About five days later, when international air travel resumed, I headed for Kennedy Airport by car to come back to Beirut. About two miles from Princeton there is a mosque on Route One, also the headquarters of the Muslim Association of Central New Jersey. As I went by the mosque I saw that its faithful had hung a large American flag on the outer wall. There were two police cars parked in the parking lot. Not far from that mosque there is a large Egyptian Coptic church. Between the two is one of the largest automobile dealerships in New Jersey--Malouf's. These manifestations of religion and commerce, of new blood and ancient cultures, have become fully part of our lives in New Jersey. I remember talking to a state policeman who every year had to guide the heavy traffic coming to the mosque for the 'Id al-Adha. Over the years he learned a good deal about the great Islamic feasts, the times of prayer, and the proper behavior of men and women. There was nothing unusual or exotic about it so far as he was concerned; it was simply part of the job and part of life in central New Jersey.
Why do I tell you all this? I am not exactly sure myself, but I think it is because all these events and scenes that we have witnessed from near or from far make me feel our common links, our shared fears and hopes, our common humanity. These scenes and acts are not senseless, not random, not without cause. When we realize that the violence and terror are not blind, not inexplicable, that no matter how tangled and twisted the roots, they can be traced back to real situations and real grievances, then our common plight will become clearer. Some part of all of us was with Muhammed al-Durra under fire; some part of all of us was with those well educated commuters from all parts of the globe who went off to work and off to their deaths.
I come back almost to where I began--to the university and its role and obligations in these circumstances. Remember the words of Ecclesiastes 3:
"To everything there is a season:
a time to keep silence
and a time to speak
a time to love
and a time to loathe
a time of strife
and a time of peace"
The sacred texts tell us that it is human to hate, human to crave revenge, indeed, human to kill. But a university, like a mosque, or a church, or a temple must lift us above our humanness and connect us to our humanity. A university, this university can never condone, no less encourage blind appeals to violence, vengeance, and hate. It must constantly remind the humans who live in it and around it of their humanity. In this world where, for good or ill, we are one, if we are tempted to protest our innocence, to ask, "Why me? What did I do to deserve this?" at those moments, let us recall the pledge and the promise, old as human kind: "I am my brother's keeper"--and, might I add, "my sister's keeper" too?

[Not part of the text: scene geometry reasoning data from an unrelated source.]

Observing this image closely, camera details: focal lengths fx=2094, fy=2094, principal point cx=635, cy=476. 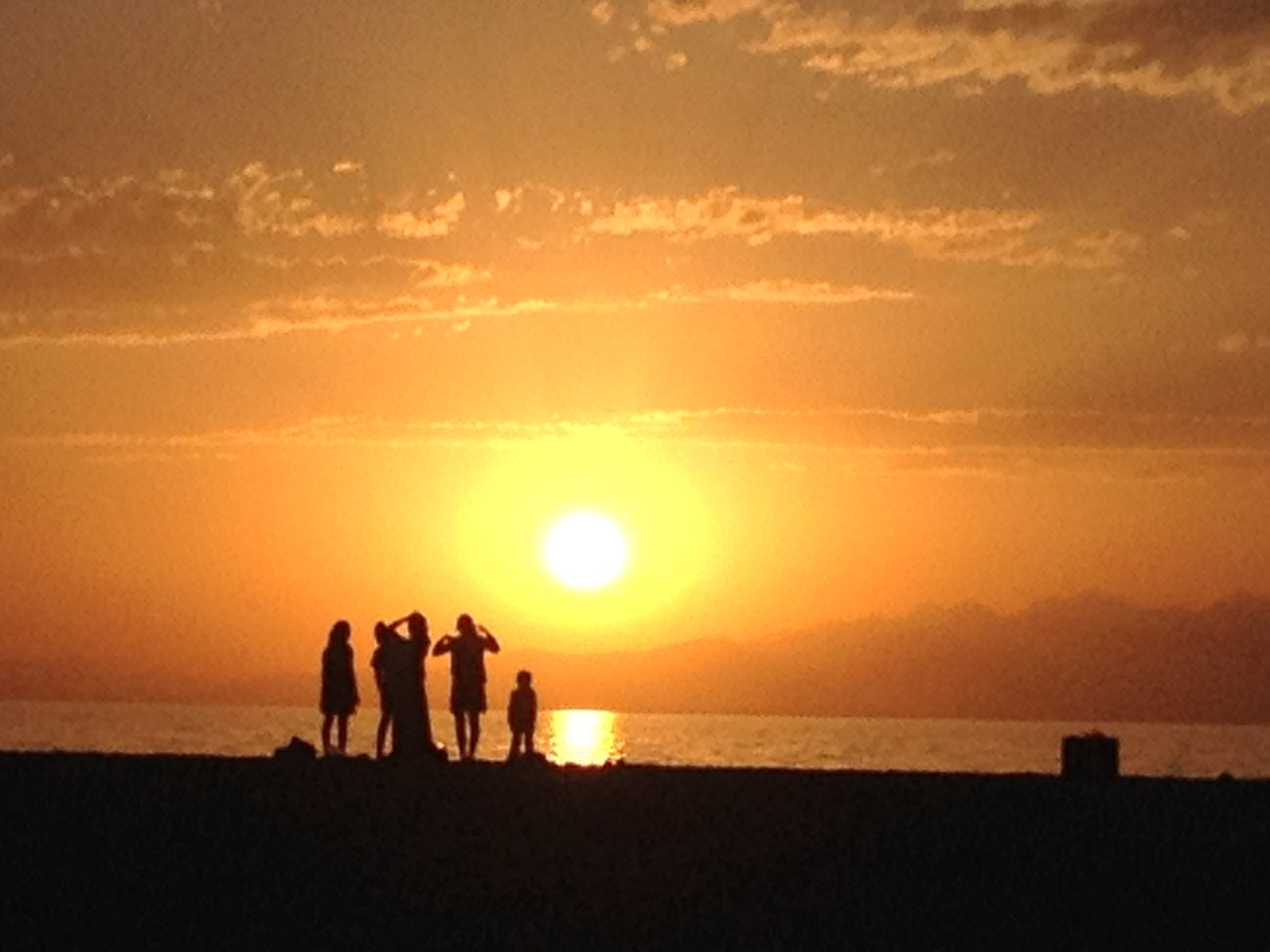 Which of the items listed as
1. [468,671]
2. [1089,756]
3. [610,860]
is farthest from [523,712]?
[610,860]

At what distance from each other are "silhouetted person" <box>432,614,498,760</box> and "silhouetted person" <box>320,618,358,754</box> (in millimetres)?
1327

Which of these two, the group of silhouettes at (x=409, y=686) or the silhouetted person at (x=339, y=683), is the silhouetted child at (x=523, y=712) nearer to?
the group of silhouettes at (x=409, y=686)

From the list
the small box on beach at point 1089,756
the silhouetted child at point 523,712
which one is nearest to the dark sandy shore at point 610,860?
the small box on beach at point 1089,756

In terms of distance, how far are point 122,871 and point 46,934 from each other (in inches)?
101

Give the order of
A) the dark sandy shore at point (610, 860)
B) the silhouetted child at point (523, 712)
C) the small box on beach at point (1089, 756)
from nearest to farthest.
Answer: the dark sandy shore at point (610, 860) < the small box on beach at point (1089, 756) < the silhouetted child at point (523, 712)

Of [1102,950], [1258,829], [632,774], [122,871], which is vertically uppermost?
[632,774]

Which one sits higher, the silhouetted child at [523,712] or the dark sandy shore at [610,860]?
the silhouetted child at [523,712]

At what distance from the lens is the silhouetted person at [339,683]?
28219mm

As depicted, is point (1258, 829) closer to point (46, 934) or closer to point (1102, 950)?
point (1102, 950)

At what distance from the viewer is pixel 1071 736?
90.6 feet

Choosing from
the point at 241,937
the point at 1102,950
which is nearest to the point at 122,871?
the point at 241,937

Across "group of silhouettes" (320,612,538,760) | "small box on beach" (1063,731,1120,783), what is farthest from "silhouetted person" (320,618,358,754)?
"small box on beach" (1063,731,1120,783)

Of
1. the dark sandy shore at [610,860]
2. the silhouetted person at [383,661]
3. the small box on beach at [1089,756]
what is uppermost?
the silhouetted person at [383,661]

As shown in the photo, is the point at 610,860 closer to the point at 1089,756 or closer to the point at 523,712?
the point at 1089,756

AUBites and friends, in my office in College Hall I have hung a beautiful example of Arabic calligraphy. It contains a very good piece of advice. It is probably significant that I have hung that piece of advice behind my desk where I do not see it and thus occasionally ignore it. It is from a hadith, attributed to the Prophet, may the peace be upon Him. It says:
According to Abu Huraira, a man said:
"O Prophet of God. Counsel me, but do not heap words upon me lest I forget." The Prophet said, "Do not get angry."
A university is not just a place to make a living. It is not just a place to acquire the skills to make a living. It is a joyful responsibility. Let us step away from our desks and computers and recommit ourselves to that lofty task.